341    The alternative submission on Mr Okwume’s behalf was that, if Ms Trad was the detainer, the Commonwealth had not established that she had had the requisite state of mind required by s 189. Counsel based this submission on the following passage in Fernando:

[84]    The Commonwealth’s argument did not exhaust or exclude the application of s 189(1) to the persons who actually took Mr Fernando into immigration detention. The individual who physically takes a person into immigration detention must have at that time one of the two states of mind prescribed by s 189(1) so as to justify him or her in the act of depriving or interfering with the liberty of another … It is not enough for the actual person effecting that deprivation or interference to think that someone else knows or believes the detainee is an unlawful non-citizen. …

(Citation omitted)

342    Counsel acknowledged that there may be some difficulties with this passage. That being so, and because it is not necessary in the view I take of the matter to express a conclusion regarding the alternative submission, I will refrain from doing so.

Conclusion

343    The result is that I would uphold Mr Okwume’s appeal. It also means that the Judge’s assessment of Mr Okwume’s damages should be set aside and those damages reassessed. That makes it unnecessary to consider Ground 3 in Mr Okwume’s amended notice of appeal. This Court is not in a position to make the assessment of damages. Amongst other things, it has not been provided with the evidence presented at trial bearing upon the assessment for the period of unlawful detention of 255 days.

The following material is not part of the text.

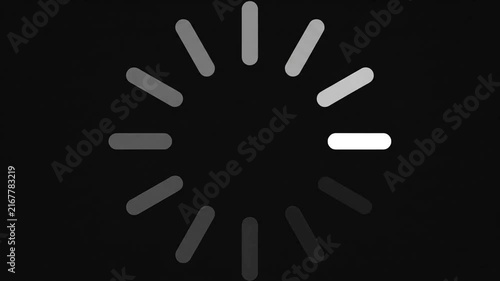 Animated 3D loading icon rotating continuously on grey background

Nor did the Court hear submissions as to the effect of Fernando v Commonwealth [2014] FCAFC 181; (2014) 231 FCR 251.

344    That being so, I would make the following orders:

(1)    The appeal by the Commonwealth is dismissed.

(2)    The appeal by Mr Okwume is allowed.

(3)    The matter is remitted to the primary Judge for assessment of Mr Okwume’s damages.

I certify that the preceding sixty-two (62) numbered paragraphs are a true copy of the Reasons for Judgment herein of the Honourable Justice White.